◆ Task details: This exercise calls for every record to be set down again, exactly and in full.

◆ Data for this task:
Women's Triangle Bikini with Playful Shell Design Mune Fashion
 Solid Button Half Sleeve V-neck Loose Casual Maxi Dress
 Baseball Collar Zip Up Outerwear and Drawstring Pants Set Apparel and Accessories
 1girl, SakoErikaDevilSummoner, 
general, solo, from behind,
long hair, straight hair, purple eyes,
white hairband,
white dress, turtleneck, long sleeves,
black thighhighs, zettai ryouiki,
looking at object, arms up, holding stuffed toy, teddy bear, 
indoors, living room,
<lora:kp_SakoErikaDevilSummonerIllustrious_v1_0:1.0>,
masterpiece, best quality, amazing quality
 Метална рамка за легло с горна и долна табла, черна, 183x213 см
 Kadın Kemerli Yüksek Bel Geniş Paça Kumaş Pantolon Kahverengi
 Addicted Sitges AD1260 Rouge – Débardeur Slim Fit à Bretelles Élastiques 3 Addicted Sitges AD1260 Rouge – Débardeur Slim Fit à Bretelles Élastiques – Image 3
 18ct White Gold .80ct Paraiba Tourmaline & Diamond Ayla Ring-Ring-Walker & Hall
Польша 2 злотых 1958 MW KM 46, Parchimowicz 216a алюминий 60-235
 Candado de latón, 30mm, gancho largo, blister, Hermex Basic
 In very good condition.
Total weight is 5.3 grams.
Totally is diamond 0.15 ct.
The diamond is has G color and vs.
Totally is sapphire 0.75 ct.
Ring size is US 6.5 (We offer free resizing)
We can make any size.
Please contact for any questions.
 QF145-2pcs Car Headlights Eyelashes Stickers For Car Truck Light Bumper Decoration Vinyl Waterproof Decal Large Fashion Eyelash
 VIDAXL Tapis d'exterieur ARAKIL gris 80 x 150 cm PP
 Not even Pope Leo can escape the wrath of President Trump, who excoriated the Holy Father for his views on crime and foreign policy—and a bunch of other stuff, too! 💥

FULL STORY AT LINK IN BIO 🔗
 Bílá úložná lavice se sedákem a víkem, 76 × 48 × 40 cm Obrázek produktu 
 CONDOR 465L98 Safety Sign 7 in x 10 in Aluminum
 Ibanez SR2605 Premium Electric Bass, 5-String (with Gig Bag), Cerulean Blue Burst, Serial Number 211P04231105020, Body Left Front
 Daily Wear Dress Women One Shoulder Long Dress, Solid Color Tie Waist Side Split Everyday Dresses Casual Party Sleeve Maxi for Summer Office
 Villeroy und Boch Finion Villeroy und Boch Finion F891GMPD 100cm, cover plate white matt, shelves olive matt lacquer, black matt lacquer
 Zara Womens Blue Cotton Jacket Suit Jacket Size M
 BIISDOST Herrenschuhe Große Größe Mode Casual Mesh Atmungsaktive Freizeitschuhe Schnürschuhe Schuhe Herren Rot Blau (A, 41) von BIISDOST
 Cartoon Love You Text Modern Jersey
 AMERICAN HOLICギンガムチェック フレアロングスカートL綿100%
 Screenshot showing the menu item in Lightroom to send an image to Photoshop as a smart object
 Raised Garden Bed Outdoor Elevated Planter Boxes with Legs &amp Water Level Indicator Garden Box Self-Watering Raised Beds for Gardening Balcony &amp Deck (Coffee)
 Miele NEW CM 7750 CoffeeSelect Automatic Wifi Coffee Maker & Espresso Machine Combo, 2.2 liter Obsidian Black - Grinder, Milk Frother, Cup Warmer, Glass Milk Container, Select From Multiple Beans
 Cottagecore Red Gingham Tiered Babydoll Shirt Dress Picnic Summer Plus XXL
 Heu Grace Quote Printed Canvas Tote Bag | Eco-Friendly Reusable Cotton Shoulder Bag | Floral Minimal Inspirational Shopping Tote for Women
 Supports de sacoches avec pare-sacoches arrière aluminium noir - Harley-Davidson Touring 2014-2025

◆ Your response:
Women's Triangle Bikini with Playful Shell Design Mune Fashion
 Solid Button Half Sleeve V-neck Loose Casual Maxi Dress
 Baseball Collar Zip Up Outerwear and Drawstring Pants Set Apparel and Accessories
 1girl, SakoErikaDevilSummoner, 
general, solo, from behind,
long hair, straight hair, purple eyes,
white hairband,
white dress, turtleneck, long sleeves,
black thighhighs, zettai ryouiki,
looking at object, arms up, holding stuffed toy, teddy bear, 
indoors, living room,
<lora:kp_SakoErikaDevilSummonerIllustrious_v1_0:1.0>,
masterpiece, best quality, amazing quality
 Метална рамка за легло с горна и долна табла, черна, 183x213 см
 Kadın Kemerli Yüksek Bel Geniş Paça Kumaş Pantolon Kahverengi
 Addicted Sitges AD1260 Rouge – Débardeur Slim Fit à Bretelles Élastiques 3 Addicted Sitges AD1260 Rouge – Débardeur Slim Fit à Bretelles Élastiques – Image 3
 18ct White Gold .80ct Paraiba Tourmaline & Diamond Ayla Ring-Ring-Walker & Hall
Польша 2 злотых 1958 MW KM 46, Parchimowicz 216a алюминий 60-235
 Candado de latón, 30mm, gancho largo, blister, Hermex Basic
 In very good condition.
Total weight is 5.3 grams.
Totally is diamond 0.15 ct.
The diamond is has G color and vs.
Totally is sapphire 0.75 ct.
Ring size is US 6.5 (We offer free resizing)
We can make any size.
Please contact for any questions.
 QF145-2pcs Car Headlights Eyelashes Stickers For Car Truck Light Bumper Decoration Vinyl Waterproof Decal Large Fashion Eyelash
 VIDAXL Tapis d'exterieur ARAKIL gris 80 x 150 cm PP
 Not even Pope Leo can escape the wrath of President Trump, who excoriated the Holy Father for his views on crime and foreign policy—and a bunch of other stuff, too! 💥

FULL STORY AT LINK IN BIO 🔗
 Bílá úložná lavice se sedákem a víkem, 76 × 48 × 40 cm Obrázek produktu 
 CONDOR 465L98 Safety Sign 7 in x 10 in Aluminum
 Ibanez SR2605 Premium Electric Bass, 5-String (with Gig Bag), Cerulean Blue Burst, Serial Number 211P04231105020, Body Left Front
 Daily Wear Dress Women One Shoulder Long Dress, Solid Color Tie Waist Side Split Everyday Dresses Casual Party Sleeve Maxi for Summer Office
 Villeroy und Boch Finion Villeroy und Boch Finion F891GMPD 100cm, cover plate white matt, shelves olive matt lacquer, black matt lacquer
 Zara Womens Blue Cotton Jacket Suit Jacket Size M
 BIISDOST Herrenschuhe Große Größe Mode Casual Mesh Atmungsaktive Freizeitschuhe Schnürschuhe Schuhe Herren Rot Blau (A, 41) von BIISDOST
 Cartoon Love You Text Modern Jersey
 AMERICAN HOLICギンガムチェック フレアロングスカートL綿100%
 Screenshot showing the menu item in Lightroom to send an image to Photoshop as a smart object
 Raised Garden Bed Outdoor Elevated Planter Boxes with Legs &amp Water Level Indicator Garden Box Self-Watering Raised Beds for Gardening Balcony &amp Deck (Coffee)
 Miele NEW CM 7750 CoffeeSelect Automatic Wifi Coffee Maker & Espresso Machine Combo, 2.2 liter Obsidian Black - Grinder, Milk Frother, Cup Warmer, Glass Milk Container, Select From Multiple Beans
 Cottagecore Red Gingham Tiered Babydoll Shirt Dress Picnic Summer Plus XXL
 Heu Grace Quote Printed Canvas Tote Bag | Eco-Friendly Reusable Cotton Shoulder Bag | Floral Minimal Inspirational Shopping Tote for Women
 Supports de sacoches avec pare-sacoches arrière aluminium noir - Harley-Davidson Touring 2014-2025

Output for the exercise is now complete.